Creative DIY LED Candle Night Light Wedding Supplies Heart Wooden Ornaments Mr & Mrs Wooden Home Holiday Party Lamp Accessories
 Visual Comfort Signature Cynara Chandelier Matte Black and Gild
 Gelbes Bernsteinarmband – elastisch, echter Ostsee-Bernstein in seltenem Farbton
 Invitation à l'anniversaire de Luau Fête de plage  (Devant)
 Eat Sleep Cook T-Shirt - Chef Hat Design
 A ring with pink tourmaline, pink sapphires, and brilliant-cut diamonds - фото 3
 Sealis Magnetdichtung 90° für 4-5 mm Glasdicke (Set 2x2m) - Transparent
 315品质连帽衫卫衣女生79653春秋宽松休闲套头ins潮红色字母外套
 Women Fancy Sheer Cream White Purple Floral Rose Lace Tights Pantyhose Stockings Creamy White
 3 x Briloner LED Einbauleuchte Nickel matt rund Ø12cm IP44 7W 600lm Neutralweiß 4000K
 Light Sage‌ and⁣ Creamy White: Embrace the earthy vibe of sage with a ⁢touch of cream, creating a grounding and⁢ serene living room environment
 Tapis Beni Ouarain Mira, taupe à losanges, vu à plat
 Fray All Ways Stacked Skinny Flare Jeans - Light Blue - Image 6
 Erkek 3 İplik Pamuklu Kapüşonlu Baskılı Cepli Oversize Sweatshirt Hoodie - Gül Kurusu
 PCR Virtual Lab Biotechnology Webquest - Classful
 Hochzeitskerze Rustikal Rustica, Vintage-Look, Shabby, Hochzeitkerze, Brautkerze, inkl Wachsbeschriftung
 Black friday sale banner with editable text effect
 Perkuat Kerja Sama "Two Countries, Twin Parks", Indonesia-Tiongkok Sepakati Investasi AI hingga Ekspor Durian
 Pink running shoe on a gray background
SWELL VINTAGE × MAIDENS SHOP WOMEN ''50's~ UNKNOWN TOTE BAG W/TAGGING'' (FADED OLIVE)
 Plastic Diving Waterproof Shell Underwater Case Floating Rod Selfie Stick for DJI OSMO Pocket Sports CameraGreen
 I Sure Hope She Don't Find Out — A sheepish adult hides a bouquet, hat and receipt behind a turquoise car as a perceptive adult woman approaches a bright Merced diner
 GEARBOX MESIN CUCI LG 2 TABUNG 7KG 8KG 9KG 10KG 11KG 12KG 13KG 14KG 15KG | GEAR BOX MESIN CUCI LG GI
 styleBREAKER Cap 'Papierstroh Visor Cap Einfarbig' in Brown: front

-----

#### YOUR TASK
Start at the line containing "SWELL VINTAGE ×". Repeat it and each line after it, word for word, to the end of the records.

#### EXERCISE ANSWER
SWELL VINTAGE × MAIDENS SHOP WOMEN ''50's~ UNKNOWN TOTE BAG W/TAGGING'' (FADED OLIVE)
 Plastic Diving Waterproof Shell Underwater Case Floating Rod Selfie Stick for DJI OSMO Pocket Sports CameraGreen
 I Sure Hope She Don't Find Out — A sheepish adult hides a bouquet, hat and receipt behind a turquoise car as a perceptive adult woman approaches a bright Merced diner
 GEARBOX MESIN CUCI LG 2 TABUNG 7KG 8KG 9KG 10KG 11KG 12KG 13KG 14KG 15KG | GEAR BOX MESIN CUCI LG GI
 styleBREAKER Cap 'Papierstroh Visor Cap Einfarbig' in Brown: front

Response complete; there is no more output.